→ YOUR INSTRUCTIONS
Each entry should be copied as it stands, leaving the pictures behind.

→ PROVIDED DATA

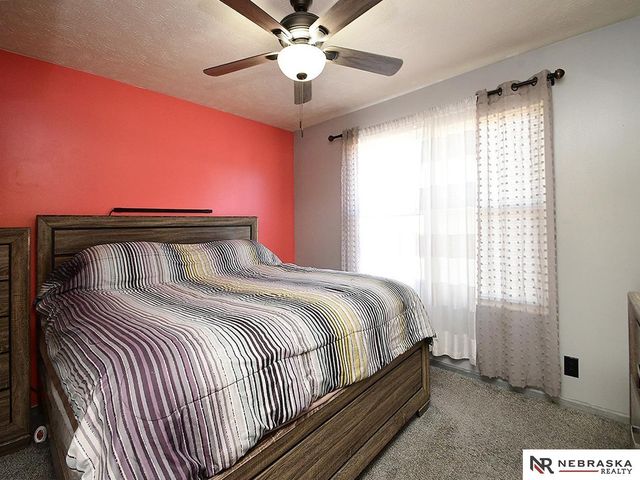 5818 N 61st Avenue, Omaha, NE 68104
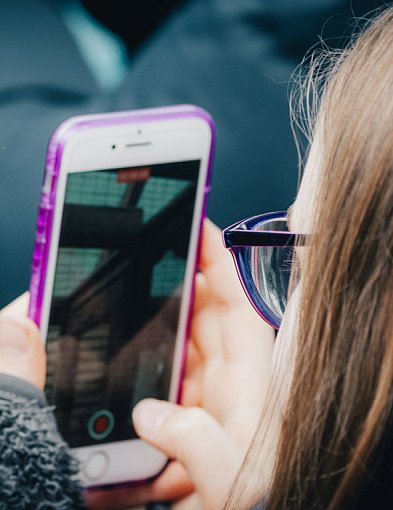 Badanie: 70 proc. nastolatków jest uzależnionych od komórek. Zakaz telefonów...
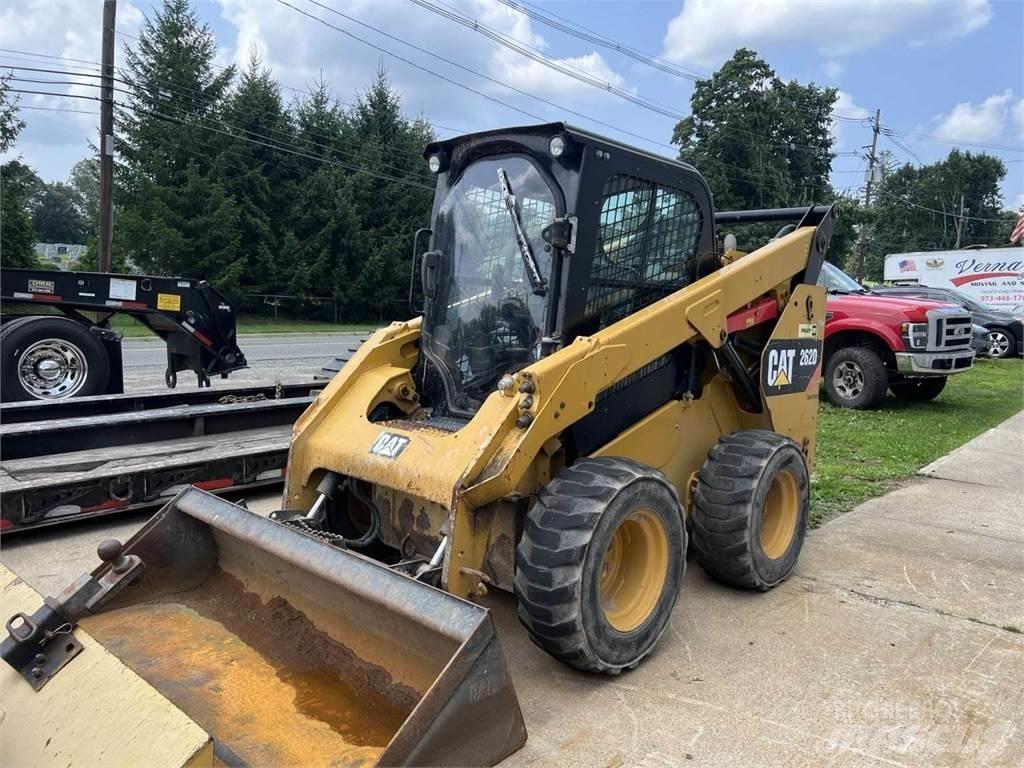 CAT 262D Skid steer loaders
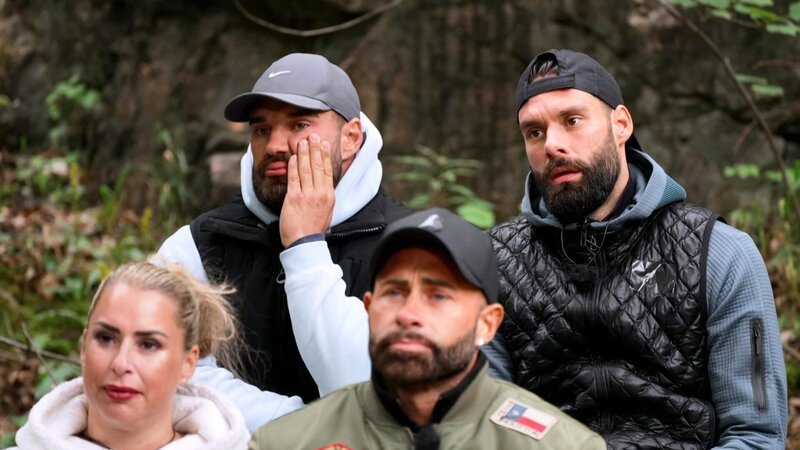 S02E14: Aleks, Marko, Virgina und Andrew bei der Nominierung. – Bild: RTLZWEI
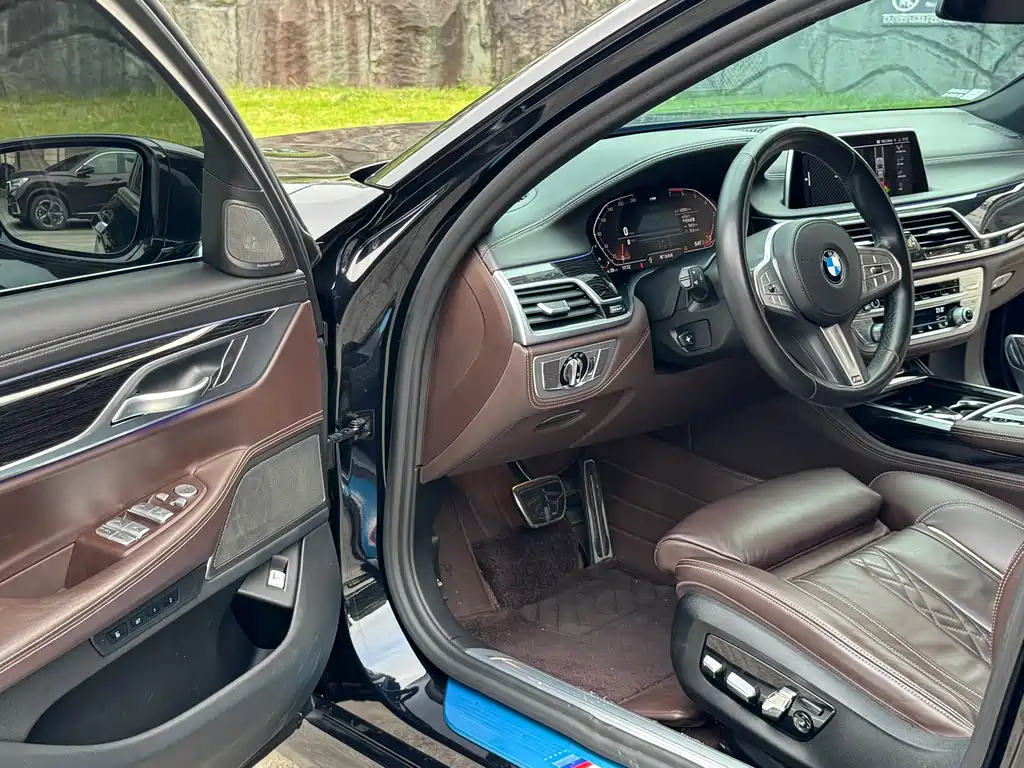 BMW 7 Series 2019 Model Facelift 730Li M Sport Package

→ SOLVED EXERCISE
 5818 N 61st Avenue, Omaha, NE 68104
 Badanie: 70 proc. nastolatków jest uzależnionych od komórek. Zakaz telefonów...
 CAT 262D Skid steer loaders
 S02E14: Aleks, Marko, Virgina und Andrew bei der Nominierung. – Bild: RTLZWEI
 BMW 7 Series 2019 Model Facelift 730Li M Sport Package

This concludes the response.